Setelah telpon sudah di tutup, aku merebahkan diriku di atas kasur yang berada di kamarku. Aku pandangi kamarku yang terkesan luas ini, kasur  luas yang sedang aku tiduri ini, mungkin besok sudah akan ada pengguna barunya lagi. Aku sangat ingin segera untuk menjemput hari esok, aku sudah tidak sabar lagi untuk segera meminang Lala. Sebelum ku pejamkan mataku, aku berdoa agar Allah memberikan yang terbaik untukku. Aku yakin sekali, bila memang Lala itu jodohku, apapun keadaannya esok, aku percaya akan bisa bersatu.

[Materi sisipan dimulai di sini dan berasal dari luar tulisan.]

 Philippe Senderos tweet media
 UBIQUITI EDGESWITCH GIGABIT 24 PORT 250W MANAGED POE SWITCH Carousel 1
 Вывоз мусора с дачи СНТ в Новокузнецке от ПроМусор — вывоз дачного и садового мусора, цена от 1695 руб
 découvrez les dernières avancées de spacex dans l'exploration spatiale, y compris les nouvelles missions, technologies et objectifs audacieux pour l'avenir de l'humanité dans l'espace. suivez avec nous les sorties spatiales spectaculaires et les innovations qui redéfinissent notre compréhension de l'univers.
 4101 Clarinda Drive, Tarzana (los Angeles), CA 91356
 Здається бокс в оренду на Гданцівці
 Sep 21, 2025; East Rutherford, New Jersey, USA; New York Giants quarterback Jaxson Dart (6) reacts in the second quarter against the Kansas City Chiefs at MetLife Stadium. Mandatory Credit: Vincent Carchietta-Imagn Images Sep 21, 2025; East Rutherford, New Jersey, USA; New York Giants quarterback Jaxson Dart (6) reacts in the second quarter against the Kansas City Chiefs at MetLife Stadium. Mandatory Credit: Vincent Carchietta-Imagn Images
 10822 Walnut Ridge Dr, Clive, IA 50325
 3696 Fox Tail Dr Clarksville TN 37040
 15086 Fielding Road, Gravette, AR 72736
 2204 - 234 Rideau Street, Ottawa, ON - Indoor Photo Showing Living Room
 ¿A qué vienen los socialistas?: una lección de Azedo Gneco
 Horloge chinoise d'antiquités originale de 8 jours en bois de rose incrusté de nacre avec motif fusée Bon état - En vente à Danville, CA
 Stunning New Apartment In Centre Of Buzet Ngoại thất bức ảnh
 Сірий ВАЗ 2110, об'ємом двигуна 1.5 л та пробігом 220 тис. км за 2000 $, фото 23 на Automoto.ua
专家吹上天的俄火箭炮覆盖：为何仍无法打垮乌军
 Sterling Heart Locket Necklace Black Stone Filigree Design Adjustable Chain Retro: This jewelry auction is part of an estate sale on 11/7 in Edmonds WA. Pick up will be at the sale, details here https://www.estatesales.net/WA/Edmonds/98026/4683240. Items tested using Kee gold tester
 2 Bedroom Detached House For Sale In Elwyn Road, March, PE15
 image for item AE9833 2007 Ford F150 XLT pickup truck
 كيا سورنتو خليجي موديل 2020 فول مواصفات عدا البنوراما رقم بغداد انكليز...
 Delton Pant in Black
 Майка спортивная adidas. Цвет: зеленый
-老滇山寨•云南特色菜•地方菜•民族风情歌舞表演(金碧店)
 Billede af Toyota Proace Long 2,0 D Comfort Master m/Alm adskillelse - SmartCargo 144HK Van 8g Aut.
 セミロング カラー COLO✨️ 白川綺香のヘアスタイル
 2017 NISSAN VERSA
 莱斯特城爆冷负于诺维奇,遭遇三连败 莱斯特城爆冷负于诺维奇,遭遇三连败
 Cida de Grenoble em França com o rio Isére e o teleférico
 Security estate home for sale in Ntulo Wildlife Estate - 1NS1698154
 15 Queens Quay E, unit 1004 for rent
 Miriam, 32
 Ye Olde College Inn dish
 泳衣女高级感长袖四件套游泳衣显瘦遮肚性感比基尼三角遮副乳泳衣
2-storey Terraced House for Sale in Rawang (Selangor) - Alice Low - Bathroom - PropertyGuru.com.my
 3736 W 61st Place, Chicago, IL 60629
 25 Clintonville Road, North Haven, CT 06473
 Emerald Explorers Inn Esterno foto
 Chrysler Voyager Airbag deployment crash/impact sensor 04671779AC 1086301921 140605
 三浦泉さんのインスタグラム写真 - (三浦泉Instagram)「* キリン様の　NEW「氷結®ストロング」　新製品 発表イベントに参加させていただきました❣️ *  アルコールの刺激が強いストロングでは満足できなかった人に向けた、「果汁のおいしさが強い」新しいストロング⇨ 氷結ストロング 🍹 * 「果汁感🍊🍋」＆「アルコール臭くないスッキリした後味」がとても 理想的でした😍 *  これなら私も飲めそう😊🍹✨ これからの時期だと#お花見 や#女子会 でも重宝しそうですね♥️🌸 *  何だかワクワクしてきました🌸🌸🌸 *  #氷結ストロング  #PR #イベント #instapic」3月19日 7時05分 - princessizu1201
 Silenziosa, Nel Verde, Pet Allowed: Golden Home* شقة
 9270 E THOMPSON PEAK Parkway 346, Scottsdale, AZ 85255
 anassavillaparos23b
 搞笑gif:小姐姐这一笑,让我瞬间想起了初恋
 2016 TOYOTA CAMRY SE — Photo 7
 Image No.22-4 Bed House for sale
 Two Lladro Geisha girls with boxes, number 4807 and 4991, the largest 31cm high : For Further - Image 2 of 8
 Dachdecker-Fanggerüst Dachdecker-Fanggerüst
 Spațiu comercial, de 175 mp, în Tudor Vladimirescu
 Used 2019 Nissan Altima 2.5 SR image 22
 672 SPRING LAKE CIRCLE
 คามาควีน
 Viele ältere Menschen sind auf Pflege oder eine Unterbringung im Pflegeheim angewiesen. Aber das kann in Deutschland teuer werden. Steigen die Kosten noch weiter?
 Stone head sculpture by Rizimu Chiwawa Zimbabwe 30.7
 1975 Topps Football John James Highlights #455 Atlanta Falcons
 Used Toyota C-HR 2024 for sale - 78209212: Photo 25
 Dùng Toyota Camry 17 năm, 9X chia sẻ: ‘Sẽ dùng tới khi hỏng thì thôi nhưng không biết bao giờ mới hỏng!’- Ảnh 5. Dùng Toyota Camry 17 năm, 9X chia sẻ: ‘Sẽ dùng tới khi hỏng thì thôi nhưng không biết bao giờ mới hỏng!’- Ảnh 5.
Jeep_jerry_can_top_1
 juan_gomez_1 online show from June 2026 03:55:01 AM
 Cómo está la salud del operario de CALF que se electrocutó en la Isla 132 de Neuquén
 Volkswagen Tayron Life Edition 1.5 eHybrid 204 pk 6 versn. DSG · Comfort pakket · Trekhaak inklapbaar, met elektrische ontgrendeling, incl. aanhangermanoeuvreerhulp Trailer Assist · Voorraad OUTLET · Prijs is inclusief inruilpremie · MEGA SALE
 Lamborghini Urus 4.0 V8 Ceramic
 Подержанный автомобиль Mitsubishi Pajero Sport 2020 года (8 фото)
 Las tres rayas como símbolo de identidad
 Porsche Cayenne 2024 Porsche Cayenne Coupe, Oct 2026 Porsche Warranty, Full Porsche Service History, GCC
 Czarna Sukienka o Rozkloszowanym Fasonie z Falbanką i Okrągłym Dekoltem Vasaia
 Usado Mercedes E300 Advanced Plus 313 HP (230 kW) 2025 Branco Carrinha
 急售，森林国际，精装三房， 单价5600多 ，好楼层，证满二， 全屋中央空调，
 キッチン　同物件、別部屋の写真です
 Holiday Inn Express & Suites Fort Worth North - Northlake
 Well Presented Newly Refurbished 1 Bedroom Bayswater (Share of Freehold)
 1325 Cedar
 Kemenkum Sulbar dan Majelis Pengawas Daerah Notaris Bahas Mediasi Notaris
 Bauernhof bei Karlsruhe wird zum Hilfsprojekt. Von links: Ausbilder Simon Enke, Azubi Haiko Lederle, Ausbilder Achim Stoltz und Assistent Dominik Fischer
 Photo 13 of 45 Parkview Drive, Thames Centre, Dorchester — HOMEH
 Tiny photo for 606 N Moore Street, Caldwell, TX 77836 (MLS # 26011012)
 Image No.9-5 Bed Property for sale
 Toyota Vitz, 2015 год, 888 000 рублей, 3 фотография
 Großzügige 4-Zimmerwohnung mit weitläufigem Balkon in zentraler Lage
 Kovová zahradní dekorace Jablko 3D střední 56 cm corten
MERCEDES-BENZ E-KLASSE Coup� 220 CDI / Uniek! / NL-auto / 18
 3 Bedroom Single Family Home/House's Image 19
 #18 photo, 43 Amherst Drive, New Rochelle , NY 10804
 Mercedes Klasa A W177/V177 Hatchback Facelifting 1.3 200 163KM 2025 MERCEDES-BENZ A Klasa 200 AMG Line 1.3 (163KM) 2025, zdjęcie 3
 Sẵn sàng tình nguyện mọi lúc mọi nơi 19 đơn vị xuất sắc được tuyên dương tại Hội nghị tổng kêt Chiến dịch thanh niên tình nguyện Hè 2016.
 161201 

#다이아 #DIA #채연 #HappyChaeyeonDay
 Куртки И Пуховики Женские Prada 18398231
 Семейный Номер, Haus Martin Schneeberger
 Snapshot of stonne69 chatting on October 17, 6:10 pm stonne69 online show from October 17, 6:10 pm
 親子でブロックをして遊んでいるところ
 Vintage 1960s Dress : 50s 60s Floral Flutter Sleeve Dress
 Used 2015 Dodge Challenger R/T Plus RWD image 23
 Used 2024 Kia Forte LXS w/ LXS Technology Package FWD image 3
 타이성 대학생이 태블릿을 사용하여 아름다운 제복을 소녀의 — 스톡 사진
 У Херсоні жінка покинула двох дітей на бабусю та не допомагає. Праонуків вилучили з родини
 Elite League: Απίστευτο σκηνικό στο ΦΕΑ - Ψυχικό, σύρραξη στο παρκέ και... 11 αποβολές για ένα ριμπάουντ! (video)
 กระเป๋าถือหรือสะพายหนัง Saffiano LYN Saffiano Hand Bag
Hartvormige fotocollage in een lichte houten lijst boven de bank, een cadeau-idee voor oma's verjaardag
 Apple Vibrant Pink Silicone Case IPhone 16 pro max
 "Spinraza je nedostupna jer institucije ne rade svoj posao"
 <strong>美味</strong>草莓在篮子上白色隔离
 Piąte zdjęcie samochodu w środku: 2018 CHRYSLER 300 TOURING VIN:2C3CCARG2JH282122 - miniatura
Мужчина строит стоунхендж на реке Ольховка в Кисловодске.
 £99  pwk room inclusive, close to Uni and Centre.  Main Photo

Malam semakin larut dan mataku pun sudah mulai terkantuk. Aku buyarkan terlebih dahulu semua lamunan yang baru saja aku susun, aku akan menggantikan impian itu menjadi nyata. Bukan lagi waktuku saat ini untuk hanya sekedar bermimpi, ini adalah saatnya bagiku mengistirahatkan pikiranku agar esok bisa lebih fresh lagi.

Dengan pikiran yang fresh, hati pun juga akan bisa lebih tenang dalam memutuskan segala tindakan. Aku tak mau lagi hanya berdiam diri saat ini, waktunya bagiku untuk berusaha menjemputnya.

Maka, Bila ia adalah jodohku jodohkanlah, namun bila ia bukan jodohku, aku harap semoga saja jodohnya bisa lebih baik daripada aku.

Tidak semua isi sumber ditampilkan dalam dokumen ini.